Is it something perhaps that all men should go through?

I think so. It is an awareness. This cannot be the take away of my experience, but one of the little things I learned, is how much preparation there is to be a woman. And that sounds reductive and simplistic but I had no idea. I had no idea. I mean, just amazing. Amazing!

How did you prepare for the character? 

I read a lot. And the very first movie I did with Al Pacino, called …And Justice for All, there is a line that Pacino’s character says: “They are just people, Warden. They are people.” And it got reduced to that. These are people. These are not things. They are not types. We are talking about people. The victims in Orlando are people. They are not things. They are not types. They are sons. They are daughters. They are people. And that is my mission. Make sure it is people.

Why do you think people like Transparent so much?

I think people are relating to the fact that we are bringing a family forward, a modern family. It drives me probably a little too much, but I am really adamant that we do an accurate representation of this community. This is not a red carpet issue. Maura has a lot of money. Most of these people don’t. And they can’t afford all of their treatments and all their fineries.

(Pauses.) Oh gosh, I am getting emotional. It takes guts to be authentic. It takes guts to declare who you are. And that’s what this show is about. And that’s what drives the kids mad. Because Maura just says: “I am leaving the building. You kids fend for yourselves.” And that’s why they kind of spin. And they have taken a bit of a beating in the press, because people think they are selfish. They are just scared, because papa has left. Papa is now mama. It is a long way of answering your question. I just had a Mars candy bar. I’m on a sugar high.

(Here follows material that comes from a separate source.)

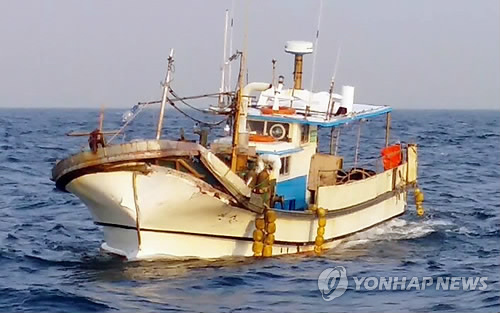 부산 근해 유조선 << 연합뉴스 자료사진 >>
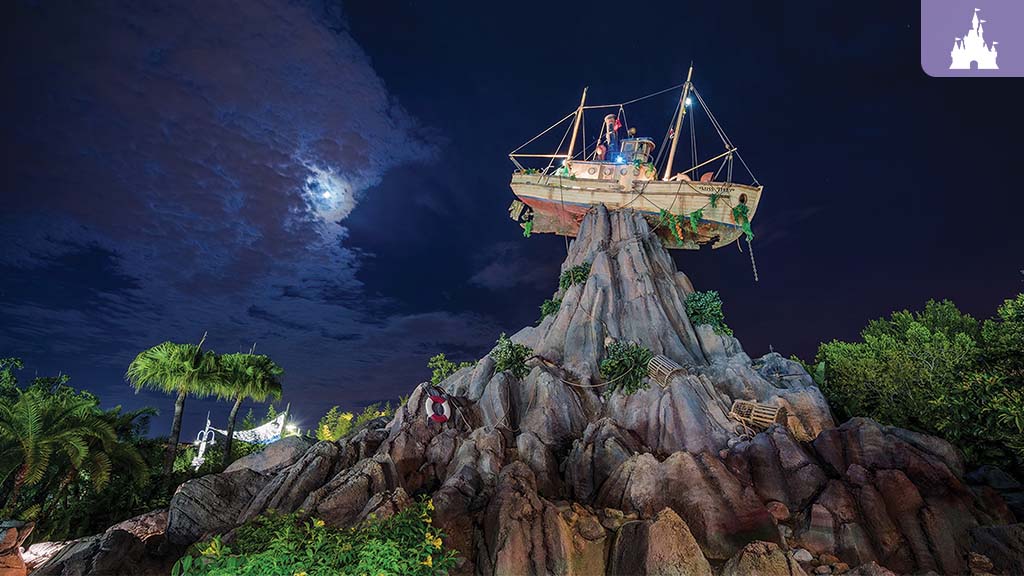 🌟 Glow With the Flow at Disney's Typhoon Lagoon: Join the Magical Disney H2O Glow After Hours! 🌊🎉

Have you gotten a positive response from the community?

More positive than I could ever imagine. And I think as time went on we gained the trust. Because this community has been both maligned by representation and misrepresentation, and caricature and sloppy writing. I think that happened. There was an incident where a woman stood up and said: “You know, you shouldn’t be playing this role.” And I understood it and I actually agree. But for right now this is what we are doing. Let’s keep the conversation going. Let’s keep the revolution going. You can trust me. You are in good hands. This is part of the revolution. All I want is the conversation to just keep going - whether it’s pro or con. I want there to be light on the subject. Something that was dark and hidden has come into the light. And that is good. And you have to understand that I am an actor. I play a role and that’s what I am. I am not a spokesman. All I can be in the best of days is an ally.

“It takes guts to declare who you are. And that’s what this show is about.”

Were you afraid at the beginning about the negative comments?

No, I don’t do that. I like a high diving board and I like risk. There are walls, you know. The heart beats a little faster. I just knew it was a big responsibility and I knew every day, like Maura, I had to learn. But what is life for except for learning? I tell you, it is certainly exciting to go to work every day, because most people don’t have that. I am excited to go to work and find out.

How did you check yourself during scenes to make sure the performance was authentic and didn’t go overboard?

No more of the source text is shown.